Luther asked the families of the young women to take them back. When they proved unwilling, he found husbands for all of them. However, he was not able to find a place for Katie. Eventually he proposed to her and married her the same day.
They seem to have been a happy couple. Her hard work and practical domestic skills (budgeting, raising livestock, and brewing beer) fed and clothed them, their children, several orphans, and the many students who boarded with them.
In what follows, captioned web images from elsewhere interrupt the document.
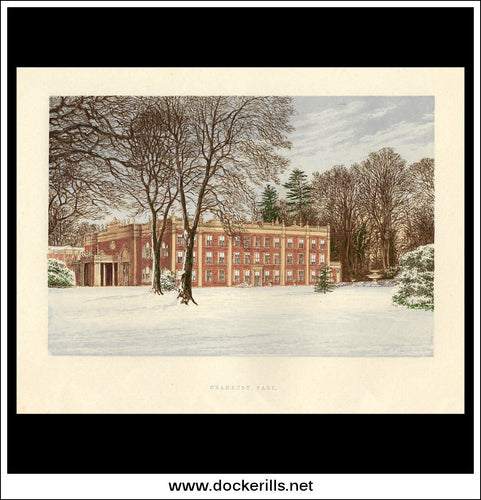 Cranbury Park, Near Winchester, Hampshire, England. Antique Print, Chromoxylograph 1880.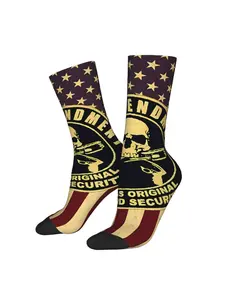 1 Pair Funny Crazy Sock for Men Second Amendment American Flag Graphic DesignHip Hop Vintage Happy Quality Pattern Printed Crew compression Sock Novelty Gift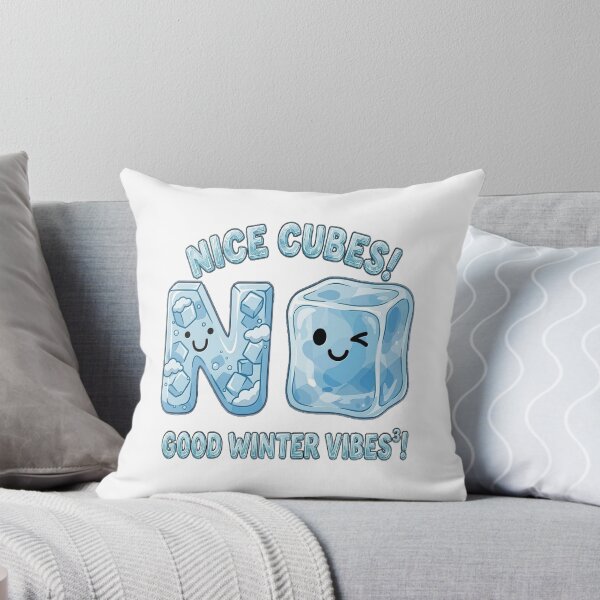 Item preview, Cute Inspirational Kawaii Puns with Funny Iced Cube And N letter | NICE CUBES! GOOD WINTER VIBES³! | Say NO To the Negative Vibes! designed and sold by Giulivo Store Graphic.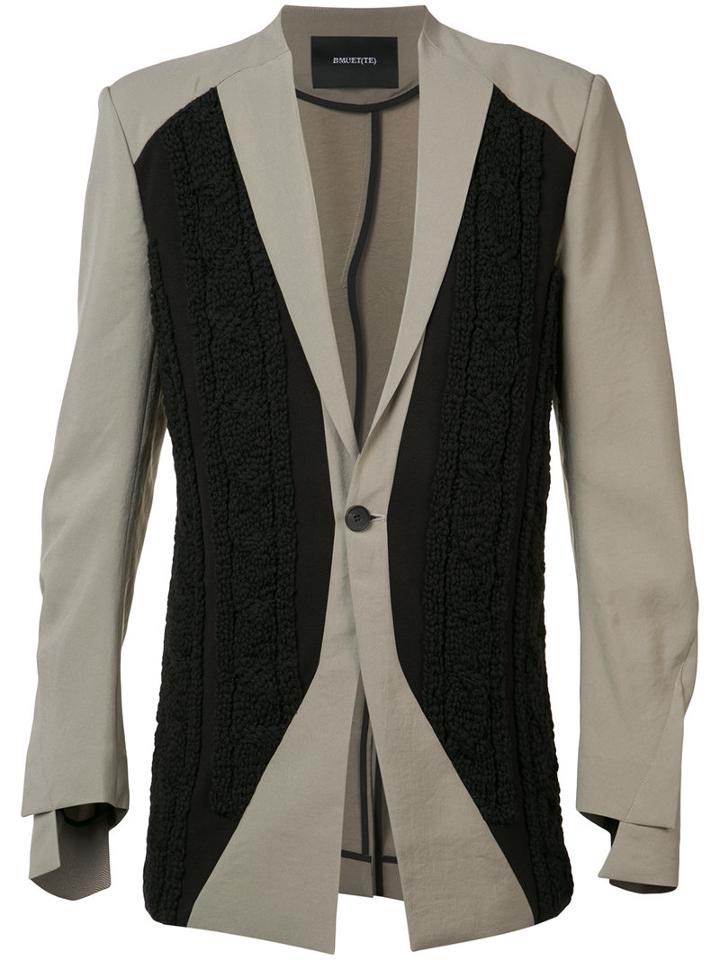 Bmuet(te) Knit Front Panel Blazer, Men's, Size: 46, Nude/neutrals, Polyester/cotton/nylon/acrylic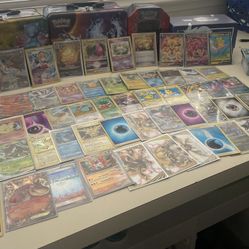 Pokemon Card Lot + Lunch Boxes/Tins/ETB - Ultra Rares, Holos, Reverse Holos, Secret Rares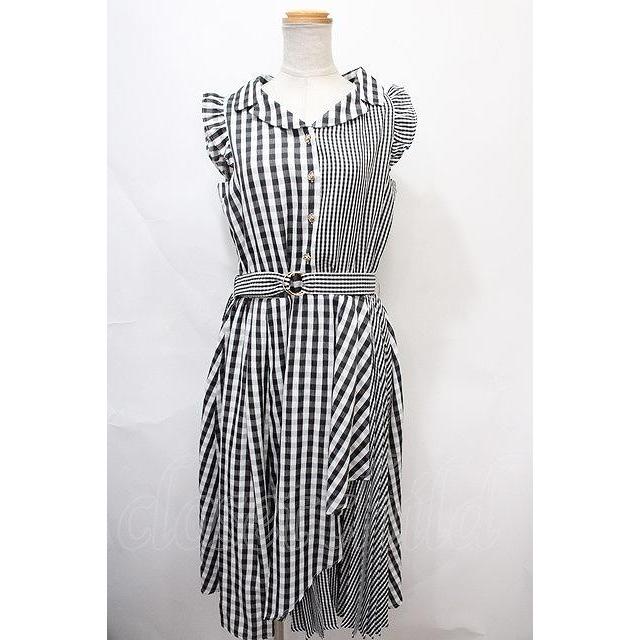 ギンガムチェックワンピース axes femme / ギンガムチェックノースリーブ開衿ワンピース M 黒 Y-24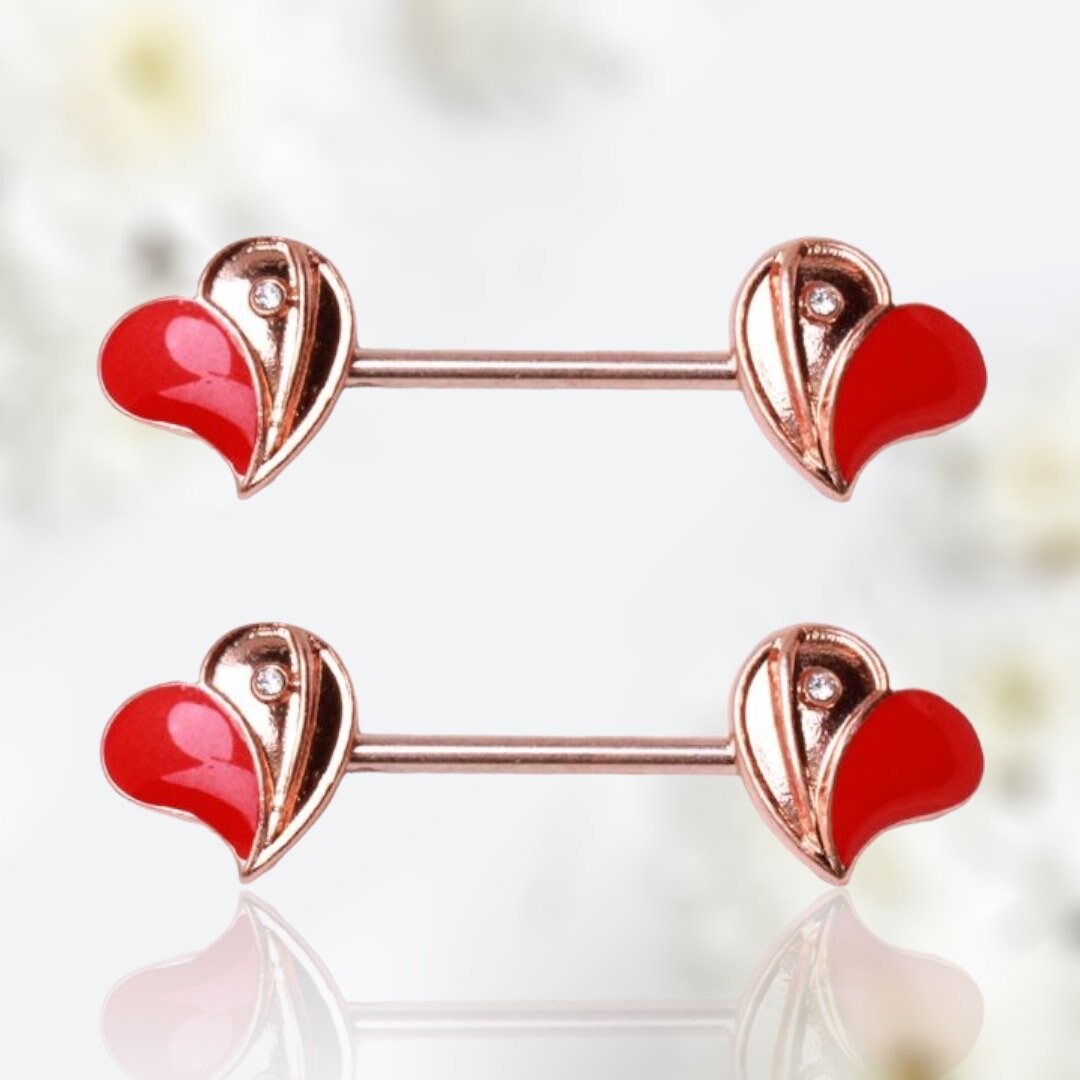 Pair of 14G Rose Gold Red Hearts Nipple Barbell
After Luther’s death, Katie reared their younger children alone for six years. Elector John Frederick, the ruler of Saxony, set up a small trust fund and helped her purchase a farm near Wittenberg. However, her land was taxed unmercifully by contending armies during the Schmalkaldic War, leaving her in crushing poverty. As a result, she had to flee. Her animals were confiscated, and her house burned to the ground. After peace was restored, Katie borrowed a thousand gulden to rebuild. To repay her loan, she took student boarders.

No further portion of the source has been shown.